Whether you see it to slip into a CGI-induced coma, or you want a big, fat dose of nostalgia, JURASSIC WORLD will likely dominate the box office this summer. JURASSIC PARK (1993) enthusiasts are in for one of two things: a white-knuckled ride or a big punch in the gag-reflex.

The world was floored by the realistic movements of the dinos in the original film — thanks to some FX geniuses — but this will be a whole new level of WHOA. I saw the trailer in 3-freaking-D before MAD MAX: FURY ROAD and it was pretty outrageous. I also came to this conclusion:

It’s going to have to be a real stinker to fail. Anytime they make a movie like this, the fans of the classic are either going to be running to the theater or boycotting on principle. In this case, the odds are ever in their favor.
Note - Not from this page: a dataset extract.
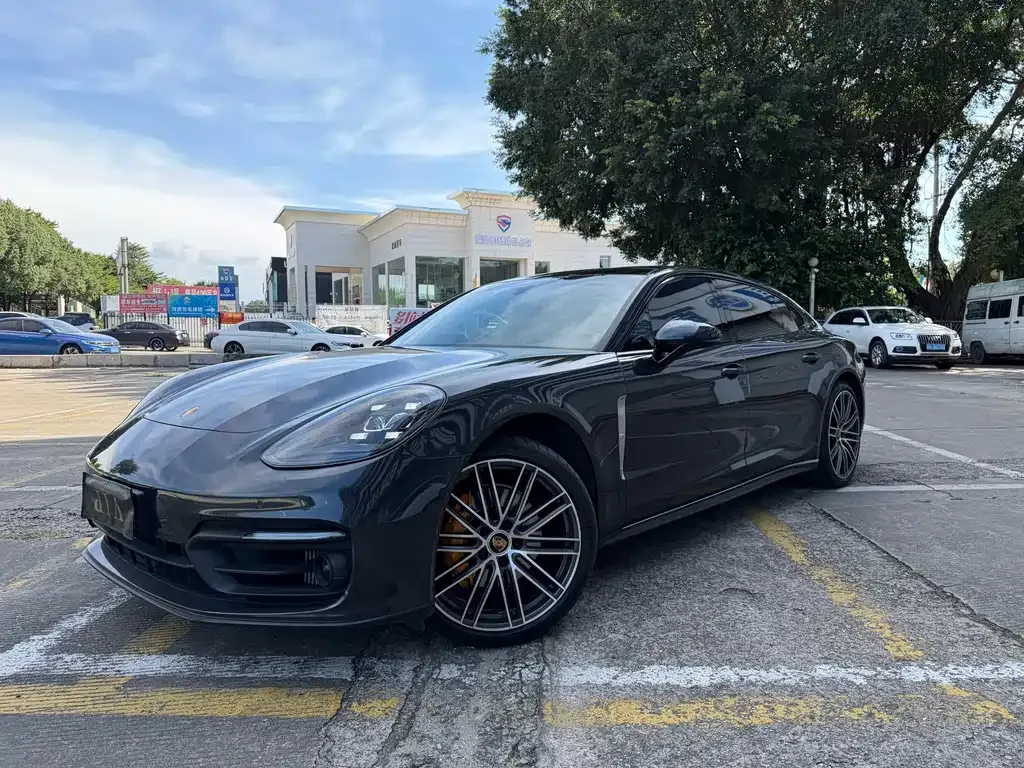 2021 Porsche Panamera 4 Long Wheelbase 2.9T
Let’s look at all of the power factors we’ve got going here:

– Chris Pratt — Hollywood’s newest action hero
– Judy Greer — Hello and/or duh
– Soundtrack — Michael Giacchino and John Williams
– A giant gator eating a puny shark
– The inevitable use of the phrase, “Clever Girl”

Director Colin Trevorrow doesn’t have a tremendous amount of success under his belt. It’s probably safe to say that the semi-popular SAFETY NOT GUARANTEED (2012) was his biggest hit… UNTIL NOW.  JURASSIC WORLD could conceivably do for Trevorrow what JAWS did for JURASSIC PARK Spielberg.

The trailer I’ve posted isn’t in 3-freaking-D, but it’s still cool. They get so darn close to everybody’s favorite, “Clever Girl” but are most assuredly going to make us pay for that.

The 2 hour and 10 minute running time leads me to believe that somewhere, somehow it’s going to drag ass for a bit, but as long as Trevorrow focuses on dinosaurs eating things/people/other dinosaurs, we’re all in for a real treat.